Massachusetts health care reform and Obamacare, in spite of all their positive contributions, cannot and have not addressed all of the flaws in our profit-based health care system. This is reflected in the alarming decline in the number of Berkshire residents getting cancer screenings, which though unexplained, is likely to be a result in large part of the cost of the tests.
Berkshire Medical Center reports declines in exams for skin cancer, in mammography tests and in colonoscopies (Eagle, Jan. 9) that mirror declines reported nationally by the American Cancer Society, and what is particularly worrisome is that the declines follow years of escalating tests and screenings by Americans. Some medical tests can be expensive, and while the industry has tried to tackle this problem in recent years success has been minimal. If health insurance policies are weak, patients can be left with out-of- pocket costs that can be prohibitive in a tough economy.

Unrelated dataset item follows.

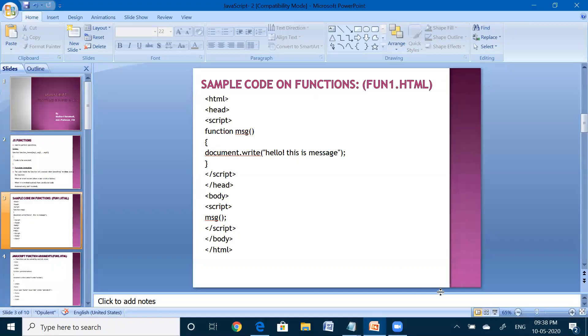Just double click on that file. Automatically, whenever it is loaded, it will print the message like this. Now come back to another slide.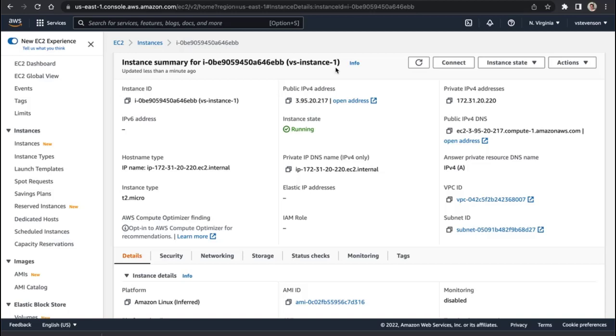Hey guys, in this video, we are going to be walking through creating your first load balancer in Amazon Web Services under the EC2 dashboard.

This must be measured, of course, against the high cost of treating cancer if it has gone undetected. Screenings for colon, breast and skin cancer indisputably save lives and reduce health care costs by reducing the number of costly cancer treatments. People may be confused about when and how often they should get tests, particularly in the case of mammography screenings, about which there is considerable debate among physicians, but information is available from primary care physicians
The health care debate will probably always rage in our country but certain facts are indisputable, and one is that prevention is far less costly than treatment. Cancer not only costs lives but it can cost savings, paychecks and time spent undergoing lengthy and often difficult treatment procedures. A colonoscopy, the preparation especially, is seen as unpleasant but it beats the alternative if cancer goes undetected. Test costs must be reduced and insurance coverage improved, but screenings are still a bargain in many ways.